I've wrestled with manic
depressive cycles for many years. I won't recount all that here now
and instead focus on the last seven years and especially the last
twenty-nine months.
I mentioned that I was
dying in a previous post. Which … well, we all die a little bit
each day (and one day we don't wake up). But I'd like to explain that
a little more.
I've often said I've got
the worst form of bipolar and I'd like to clarify that a little more as well (and why my case is such a textbook example of an advanced and
severe case).
On the night of December
28, 2012 I had a very bad psychotic episode, by far the worst of
about a dozen that I'd had in the previous thirty months. Psychosis
itself can mean a lot of things but for me they meant very powerful
commands to harm myself (and sometimes others) along with very, very
graphic and gory visions as to what it would all look like. They were
always accompanied by a sort of “trial” first in which all my
worst transgressions (and I'd accumulated more than a few) were
“played” for me in movie like fashion and the voices telling me
how terrible I was and how much I deserved what was coming.
If you have not
experienced anything like this then there is no way for you to
comprehend or imagine what it's like.
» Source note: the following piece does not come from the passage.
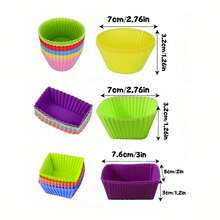 12/ 24pcs Reusable Dopamine Silicone Baking Cups, Suitable For Parties, Family Gatherings, Halloween Home Baking Muffins And Cupcakes, With Easy-To-Demold Baking Molds - Multicolor - View 10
This is the kind of psychosis
you hear about in murder trials where the accused (usually
schizophrenic) describes having been driven by inner voices and
forces to commit the murder(s). Mine were just like that except
generally the only victim was to be me. Horrific and terrifying
stuff, I can assure you. That December night was by far the worst one
as I was instructed to kill my then wife and my daughter and then
myself and it became almost impossible to resist the forces that were
taking over my mind and body.
But resist it I did
(there was a tiny, sort of instinctive part of my mind that told me
if I so much as put a foot to the floor, my body would just follow
the commands so that tiny part of me just refused to move and I kept
stock still on the bed for the whole four hours the episode lasted. I
knew this because the one psychotic episode I had in which I was
already up and moving my body just automatically went along with the
commands).
It ended as suddenly and
mysteriously as it began and when the forces left my mind I entered
this state of incredible clarity. I began thinking through the
previous thirty months under the care of the psychiatric profession
and on psychiatric medications and my now sort of semi-famous
favourite question “why?” popped into my head – why was this
happening to me and why was I getting worse under the care of doctors
and medications?
My mind began working
very, very, very fast and with enormous clarity and insight. And it
would not stop for the next five weeks. It was an enormous manic
episode and it would be exactly thirty-five days to the day that it
would finally end when I collapsed in utter exhaustion on a ski slope
on a day of skiing with my daughter.
I
can't even begin to tell you how much I read in that time. Hundreds
and hundreds of websites. Dozens and dozens of science articles.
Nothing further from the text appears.